United States Bankruptcy Court, E.D. Virginia, Richmond Division.
May 12, 2000
257 B.R. 776 (Bankr. E.D. Va. 2000)

Summary

finding that "court advice" not "court approval" is required where pro se debtor reaffirms consumer debt that "appear to be fully secured" by real property

Summary of this case from In re Clark

Opinion


257 B.R. 776 (Bkrtcy.E.D.Va. 2000) In re Barbara Ann PHELAN, Debtor. No. 99-38430-T. United States Bankruptcy Court, E.D. Virginia, Richmond Division. May 12, 2000

        Barbara Ann Phelan, Powhatan, Virginia, debtor pro se.

        Suzanne E. Wade, Thompson, Smithers, Newman, Wade & Childress, Richmond, Virginia, for Wachovia Mortgage Company.

        Sherman B. Lubman, Richmond, Virginia, Chapter 7 Trustee.

        MEMORANDUM OPINION AND ORDER

        DOUGLAS O. TICE, Jr., Chief Judge.

        Hearing was held May 1, 2000, on pro se debtor's reaffirmation agreements with Wachovia Mortgage Company and Wachovia Bank, N.A. At conclusion of the hearing the court took the matters under advisement. For reasons stated in this opinion, the court abstains from ruling on both reaffirmation agreements.

        Findings of Fact

        On February 14, 2000, a reaffirmation agreement between debtor and Wachovia Mortgage Company was filed in the principal amount of $89,430.18. This reaffirmed debt is secured by debtor's principal residence which has a present market value of $122,000.00.

        On February 23, 2000, a reaffirmation agreement between debtor and Wachovia Bank, N.A. was filed in the principal amount of $9,548.14. This reaffirmed debt is also secured by debtor's principal residence.

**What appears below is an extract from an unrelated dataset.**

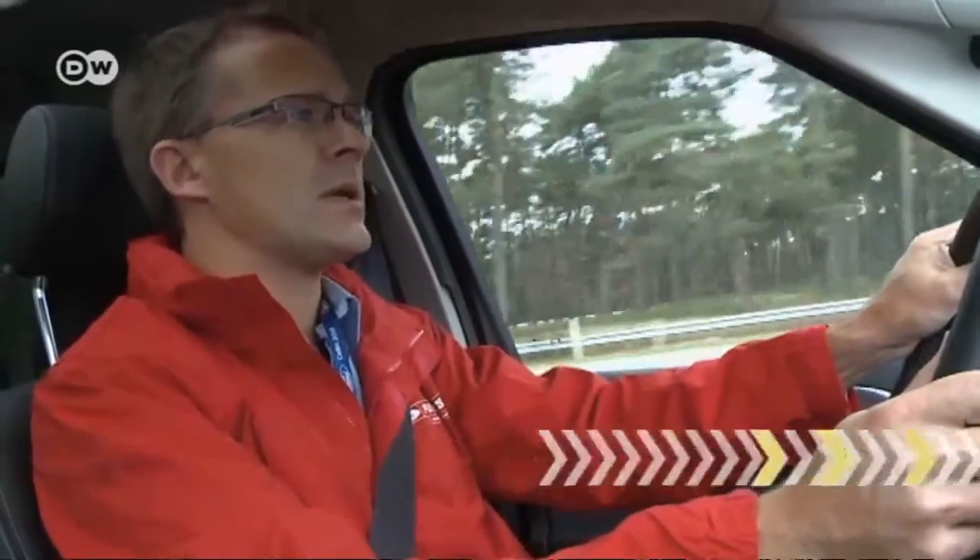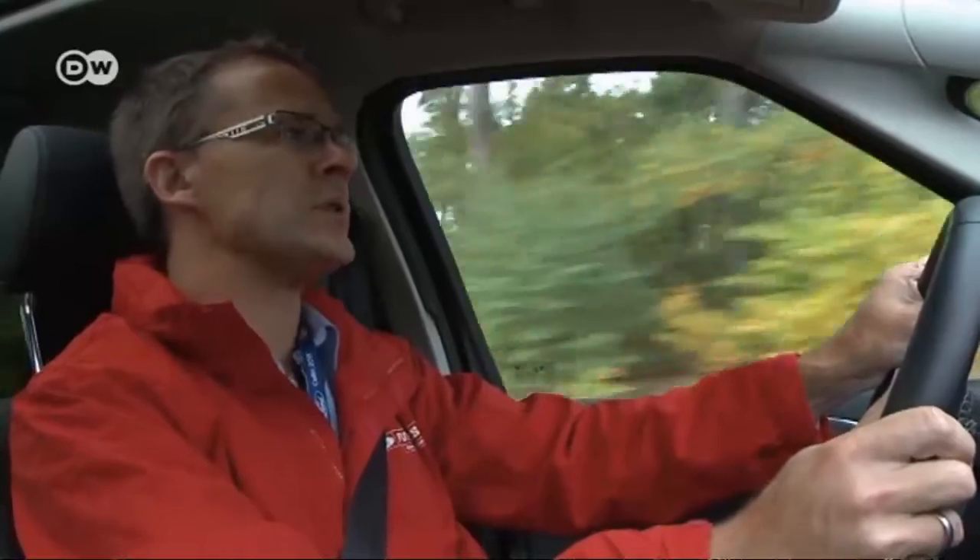This research engineer demonstrates how car-to-car communication works. He says the vehicles can exchange data to get a better overview of the current traffic situation, allowing Ford to offer various applications to improve both safety and traffic efficiency.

        Discussion and Conclusions of Law

         A discharge granted under Bankruptcy Code § 727(a) "operates as an injunction against the commencement or continuation of an action, the employment of process, or an act, to collect, recover or offset any [discharged] debt as a personal liability of the debtor, whether or not discharge of such debt is waived...." 11 U.S.C. § 524(a)(2). Actions to collect a pre-petition debt as a personal liability of the debtor are barred after the granting of a discharge by the discharge injunction, unless the debt is one of a limited category of debts excepted from discharge. In re Bauer, 1997 WL 752652, *2 (Bankr.E.D.Va.1997). For example, discharge of an otherwise dischargeable debt may be effectively "waived" if the debtor enters into a reaffirmation agreement with the creditor which satisfies the requirements of Bankruptcy Code § 524(c) and (d). See id.

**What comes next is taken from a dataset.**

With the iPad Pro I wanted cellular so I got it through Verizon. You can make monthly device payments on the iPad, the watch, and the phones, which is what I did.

         The Bankruptcy Code does not require court approval where a debtor reaffirms a consumer debt secured by real estate. See 11 U.S.C. § 524(c)(6) (FN1) and (d)(2); see also Local Bankr.R. 4008-1(C) ("If the reaffirmation agreement is based on a consumer debt not secured by real property of the debtor, the reaffirming debtor or the creditor may, or if the debtor is not represented by an attorney, must request that a reaffirmation hearing be scheduled pursuant to 11 U.S.C. § 524(d)(2)."). But cf. In re Roth, 38 B.R. 531, 540 (Bankr.N.D.Ill.1984) (concluding that court approval is required to affirm the unsecured portion of the claim of an undersecured creditor because the debt is secured by real property under § 506(a) only to the extent of the value of the property), aff'd, 43 B.R. 484 (N.D.Ill.1984). "It is clear that the policy underlying this provision is to remove from court oversight a pro se debtor's personal decision that reaffirming a mortgage debt is in the debtor's best interest and will not interfere

Page 778.

with his or her 'fresh start'." In re Bauer, 1997 WL 752652, at *5 (citing In re Moore, 50 B.R. 301, 302 (Bankr.S.D.Ohio 1985); In re Smith, 35 B.R. 95, 96 (Bankr.W.D.Ky.1983)).

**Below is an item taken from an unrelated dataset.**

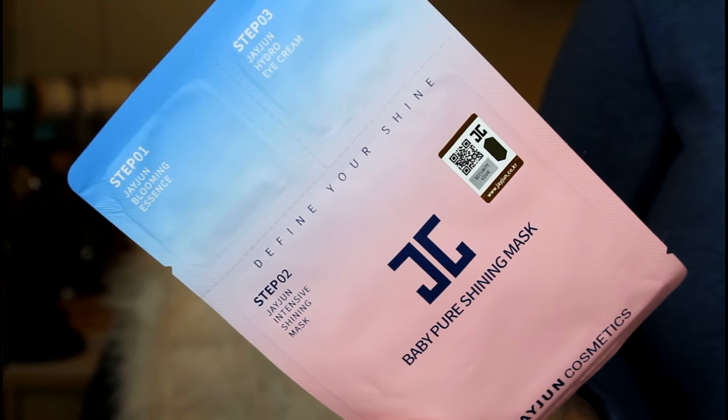The next and final mask is a three-step mask, which is really cool. I've had masks like these before and they work amazingly. This is from Jejun — it's an intense shining mask, a baby pure shining mask. The packaging is really cool. This mask includes the essence, the mask, and the eye cream. It brightens, rejuvenates, and moisturizes. You use the blooming essence first, then go in with the shining mask, then use the hydrating eye cream on top. If you guys want to see me test this out on camera, let me know — maybe a dedicated video.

Yet, as Judge Mitchell observed:

         "In light of the fact that Congress chose to require only court advice, but not court approval, for mortgage reaffirmations by pro se debtors, it would be anomalous, to say the least, for the court to inquire--absent the most extraordinary circumstances--into the wisdom of mortgage reaffirmations...." Id. (discussing mortgage reaffirmations where debtor is represented by counsel). Because the reaffirmation agreements cover consumer debts that appear to be fully secured, this court's approval or disapproval is not required.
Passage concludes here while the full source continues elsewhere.